Cyberpunk 2077 Dev Says The Game Was A Lesson In Avoiding Crunch

Cyberpunk 2077 Dev Says The Game Was A Lesson In Avoiding Crunch

Callous, crunch-heavy work culture keeps shaking the games industry, but it seems like some developers are at least trying to safeguard against it. Colin Walder, a CD Projekt Red engineering director with over a decade of AAA audio programming experience, discussed game industry leadership during Inven Game Conference in South Korea this week. Then, in an October 15 interview with esports site and conference host Inven Global, he spoke about how the studio behind The Witcher now avoids crunch, considering it a lesson taught by Cyberpunk 2077’s grueling development period.

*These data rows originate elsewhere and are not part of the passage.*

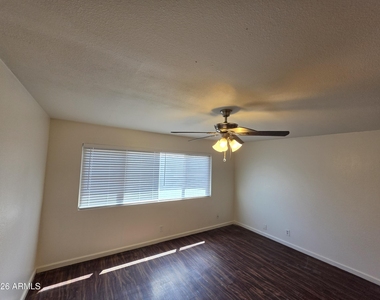 424 W Brown Road - Photo Thumbnail 12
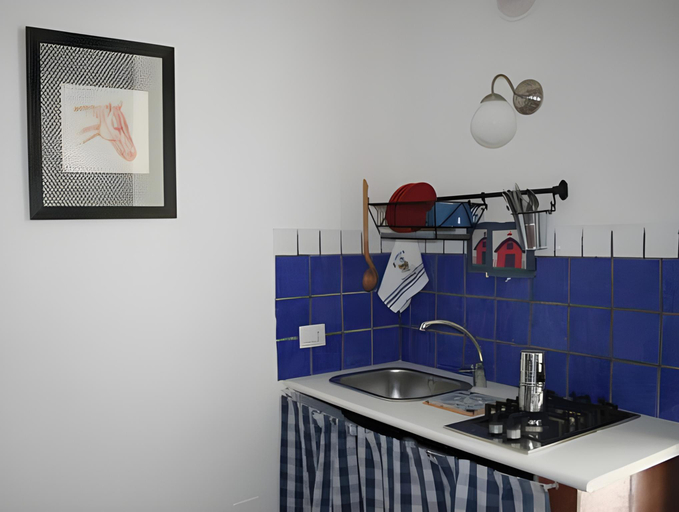 Others 3, B&B La Corte, Napoli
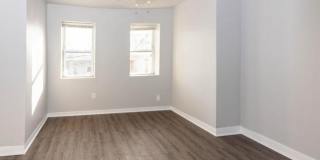 Spacious 3 Bedroom Townhome Gallery 28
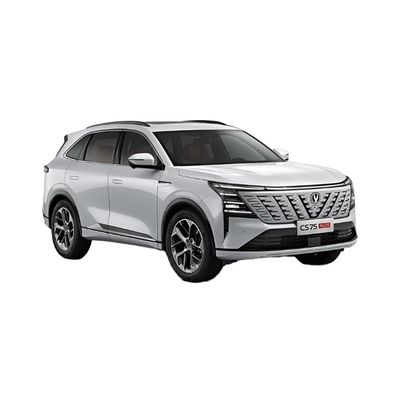 Un buen precio. Ventana trasera eléctrica y tanque de combustible Capacidad 50-80L Changan CS75 PLUS 1.5T SUV con 5 asientos 5 puertas panorámicas techo solar en línea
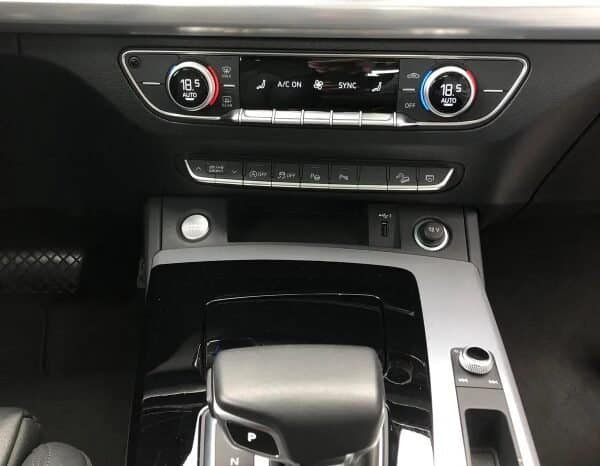 
Audi Q5 2.0 45 Tfsi Advanced Stronic Quattro 2022 lleno									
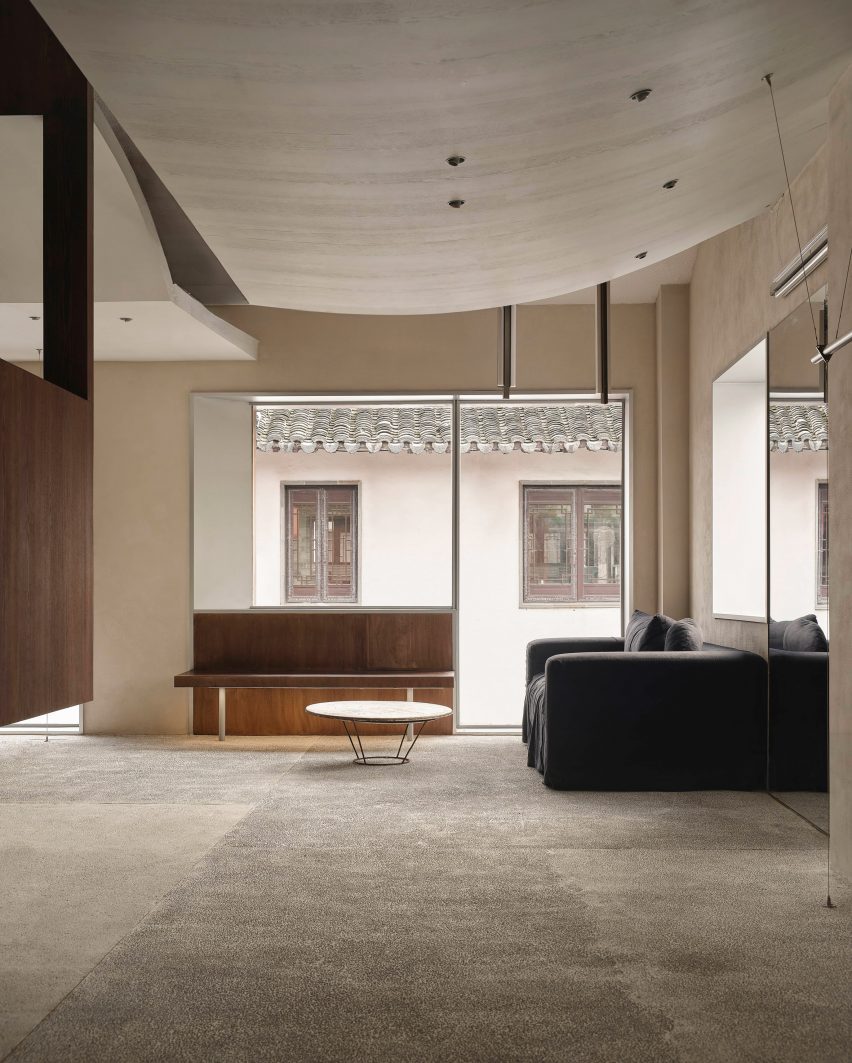 Moment Boutique by Modum Atelier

Crunch isn’t as useful as a looming deadline may make it seem—it didn’t save role-playing game Cyberpunk from being called fundamentally broken for a long time after it revealed its dystopia in 2020. It wasn’t until this September, when CDPR released its Phantom Liberty expansion, that Cyberpunk could bandage problems that had been bleeding for a long time. Before that, CDPR was stuck in a cycle.

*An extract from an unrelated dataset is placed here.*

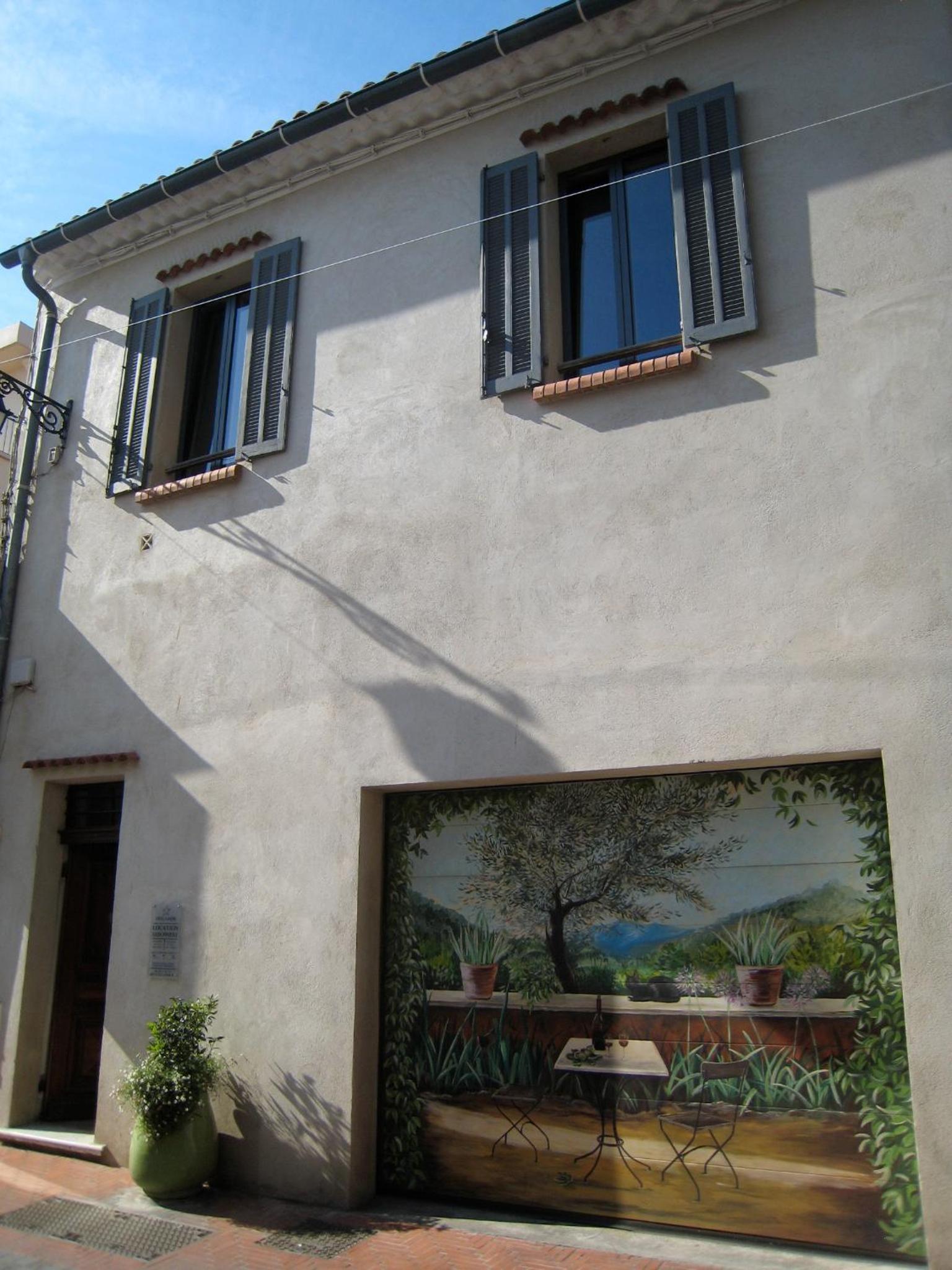 Photo 1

“Every time we delivered something, it was intense,” Walder said.“It was always like, ‘Okay, how are we going to do this?’ And then, somehow, we achieved that.”

Prior to Cyberpunk’s launch, Bloomberg reported, CDPR made six-day work weeks mandatory, acknowledging that “crunch should never be the answer. But we’ve extended all other possible means of navigating the situation.”

Things are different now, Walder said, because they had to be.

Read More: Cyberpunk 2077’s 2.0 Update Feels Like A Different Game

“The morale took a significant hit; that’s clear,” he said about Cyberpunk’s development. “The crucial thing was to acknowledge what happened. We had to admit that the outcome wasn’t what we’d hoped for and that we were determined to change things. But it’s one thing to say it; it has to be put into practice, you know? Actions speak louder than words.”

For CDPR’s more recent projects, including its pristine spy-thriller Phantom Liberty and forthcoming The Witcher 3 follow-up Polaris, “instead of reverting to crunch,” Walder explained, “we might say, ‘Let’s adjust the schedule,’ or, ‘Let’s approach this differently.’ Once this becomes a repeated behavior—once the team sees a genuine effort to prevent crunch—that’s when trust and morale start to rebuild. People need to see it to believe it.”

Finding solidarity helps, too. CDPR has its tail between its legs about crunch, but it’s still a major piece of the creaking games industry, and it was one of many studios to announce layoffs earlier this year. In response, CDPR developers created the Polish Gamedev Workers Union, writing on its website that it was time to “voice the employees’ concerns about the safety and conditions of employment.”